Monday, 1 June 2009

Published June 1, 2009

Advance SCT reports loss of $136.6m

$70.8m loss booked from discontinued operations relating to M'sian units

By KALPANA RASHIWALA

COPPER recycler Advance SCT has posted a net loss of $136.6 million for the year ended Dec 31, 2008, against a restated net profit of $4.1 million in the preceding year.

Lacklustre: Advance SCT booked an after-tax loss of $67.6 million from its continuing operations which was partly due to the sharp fall in copper prices

The group, which suffered from the dive in copper prices, also booked a $70.8 million loss from discontinued operations relating to its Malaysian subsidiaries TTM Industries (M) Sdn Bhd (TTMI) and Tsing Technologies (M) Sdn Bhd (TTM). The group is in the process of disposing of its entire interests in the two units.

Over the weekend, Advance SCT also announced the findings of a report by Ernst & Young Advisory Services (which it engaged to conduct a special audit of the two Malaysian units), which has 'raised issues on the veracity' of the management accounts of the two units.

The veracity issues relate to certain transactions of the two units that could not be determined by E&Y due to inconsistencies in documentation, lack of proper supporting documentation and 'uncommon business practice', among other factors.

'The board views the findings of the report with serious concerns and will be reporting the findings to the relevant regulatory and governmental authorities,' Advance said in a filing to Singapore Exchange late on Friday night.

For financial year 2008, the loss from discontinued operations included impairment on doubtful receivables for TTMI of $11.5 million and for TTM of $10.3 million.

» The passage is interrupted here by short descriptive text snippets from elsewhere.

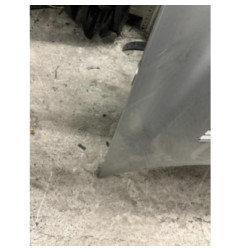 Capot MERCEDES CLASSE E 210 Photo n°4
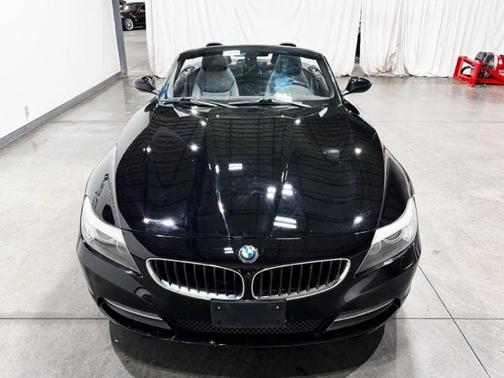 2009 BMW Z4 sDrive30i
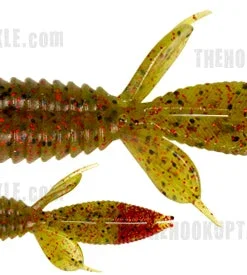 Reaction Innovations Creatures Smallie Beavers 38 Reaction Innovations Creatures Smallie Beavers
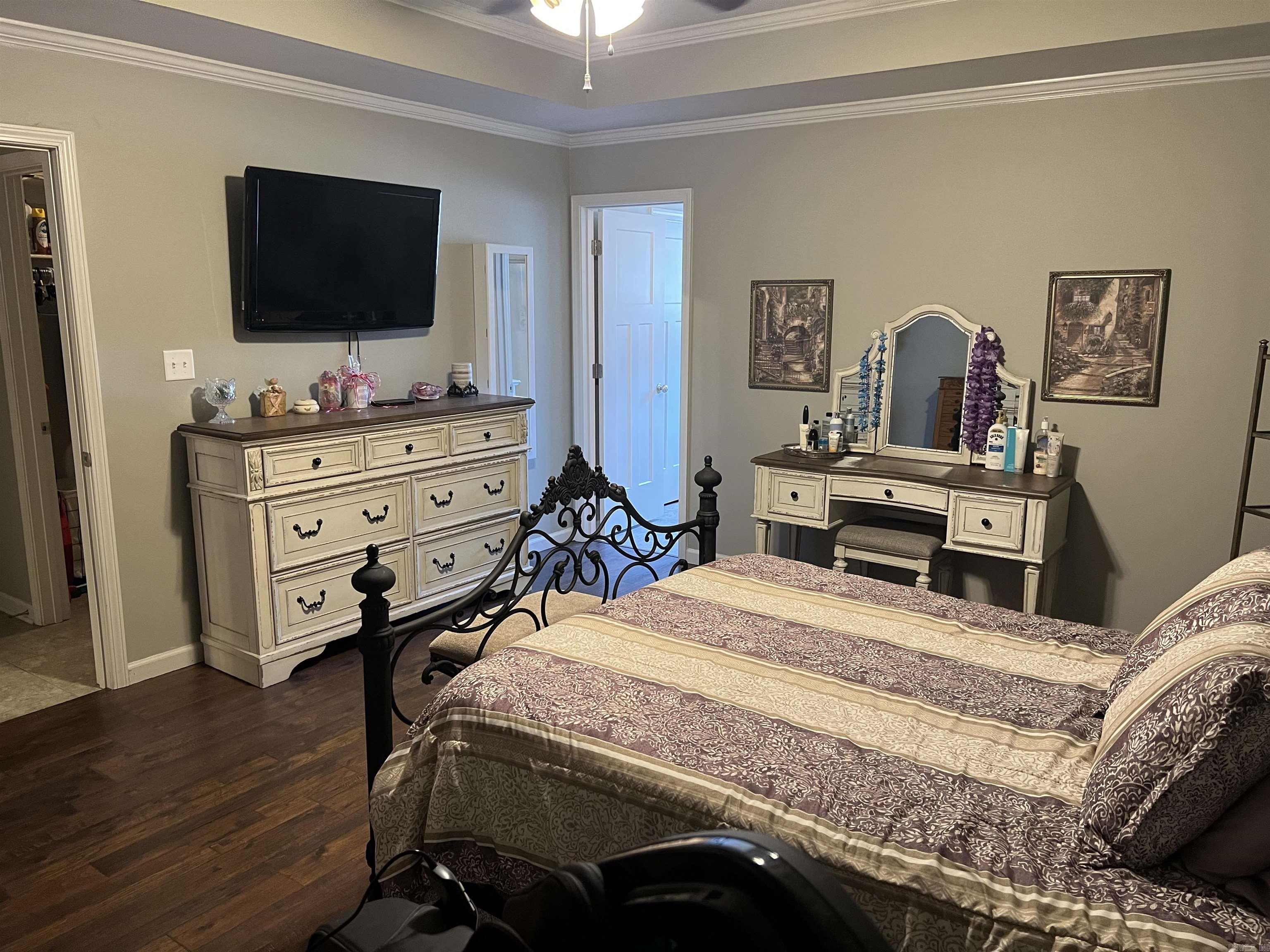 908 Heritage Cv Redfield, AR 72132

In addition, taking a prudent approach for the consolidated group accounts, the net asset values of TTMI and TTM as at Dec 31, 2008, have been written down by $17.7 million to equate to their total liabilities. Hence the net carrying value of TTMI and TTM on the group accounts is nil.

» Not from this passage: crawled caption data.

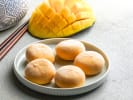 Cooking Class - Taste of Thailand: Mango mochi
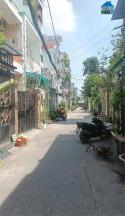 Đất Full Thổ, 143 M2, Lê Văn Quới, Bình Hưng Hoà A, Hẻm 4m, Chỉ 7 Tỷ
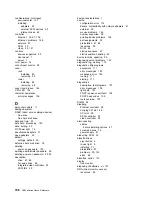 Preview for 206 page of IBM eServer 240 xSeries User Reference Manual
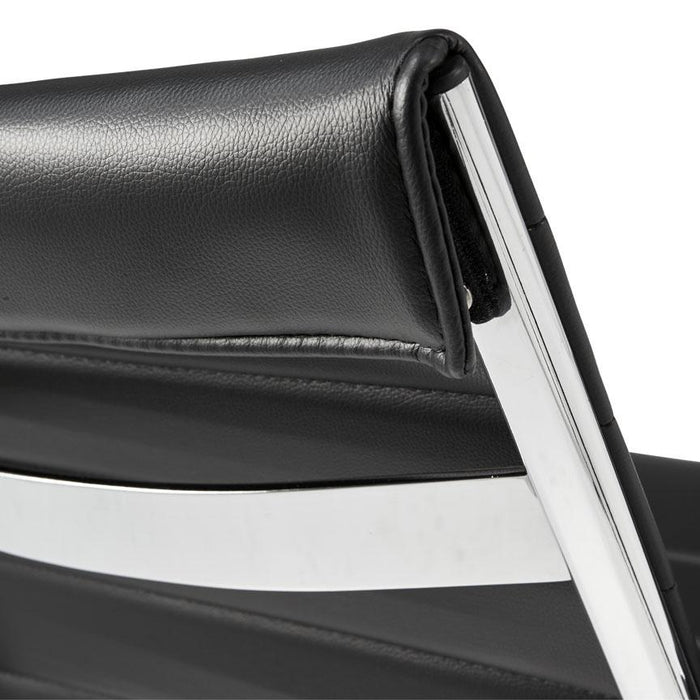 Vergaderstoel Sona – sledepoot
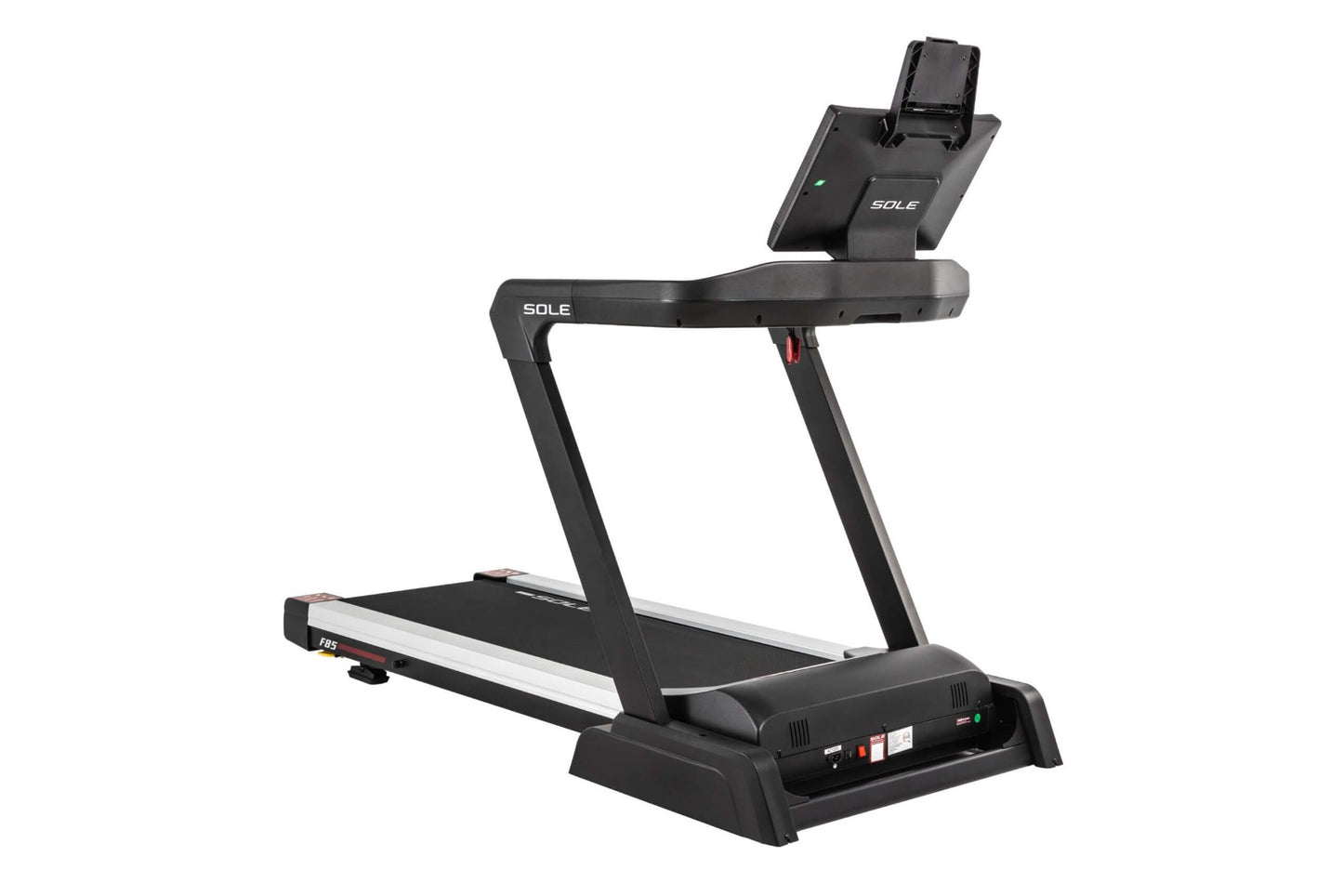 Sole - F85 Treadmill 2023
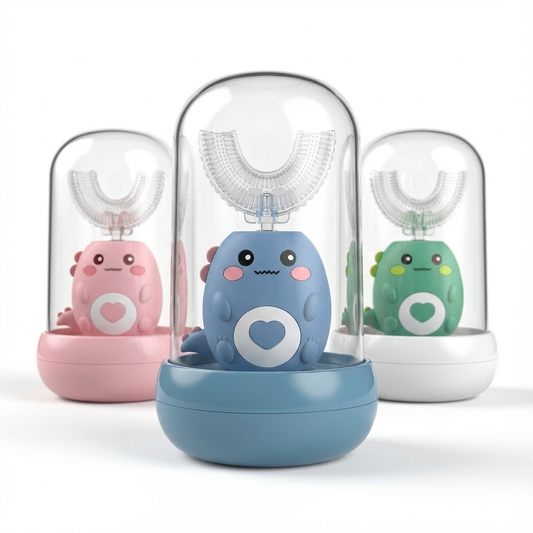 DinoCare™ Air - Custodia Igienica Traspirante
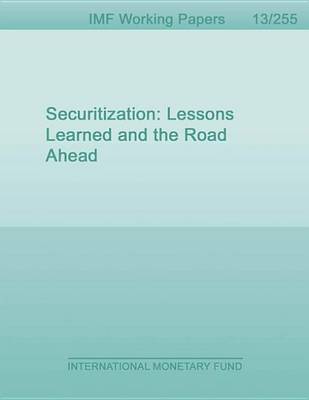 Book cover for Securitization
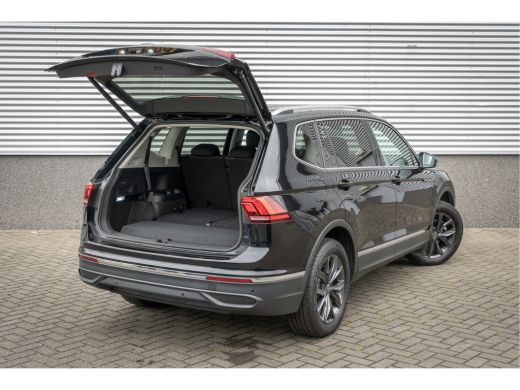 Volkswagen Tiguan Allspace 1.5 TSI 150PK Life Business 7persoons DSG/AUT | Stoel+Stuurwielverwarming | Trekhaak (1800KG) | D... ActivLease financial lease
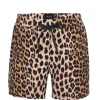 Alma Shorts LUX LEO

Advance SCT also booked an after-tax loss of $67.6 million from its continuing operations and this was partly due to the sharp fall in copper prices.

FY 2008 was an 'exceptionally difficult year for the group', with revenue declining to $191.9 million from $304 million in the preceding year. Advance SCT blamed the global financial crisis as a key factor for the revenue slide in the second half of FY 2008 as the crisis caused not only a reduction in demand for copper scrap and products but also resulted in the sharp fall in copper prices.

Other factors for the loss from continuing operations included impairment on doubtful trade receivables of $11.1 million (the major provisions were $4.3 million for Tsing Yi Enterprises and $6.3 million for SCT Technologies) and a goodwill write-off of $11.7 million relating to the acquisitions of TTMI ($10.8 million) and PT Nuansa Citra Cemerlang ($900,000) as these investments have been impaired.

The company issued a profit warning on April 29 saying that the group consolidated loss for FY 2008 will be $100 million or more, subject to completion of an audit.

The group had negative net asset value per share of 5.62 cents as at Dec 31, 2008, against positive NAV per share of 38.68 cents at end-2007.

Cash and bank balances were whittled from $53.5 million at end-2007 to $2.3 million at end-2008.

Advance SCT also had net current liabilities of about $66.5 million as at end-2008, against (restated) net current assets of $28.2 million a year earlier, at group level.

The latest results statement also show that bankers' facilities for TTMI of RM123.9 million (S$51.3 million) are secured against corporate guarantees of the company.

Looking ahead, Advance said: 'Weaknesses in management and accounting controls had also contributed to the cashflow difficulties today. The group expects to continue to face a challenging business environment in the coming year while it restructures itself to recover from a tight cashflow situation.'

Among other things, it is considering divesting non-core businesses to unlock liquidity.

The board and management are also reviewing options to grow the group, including forming strategic alliances to leverage on the expertise, financial muscle and market access of more established players in the business.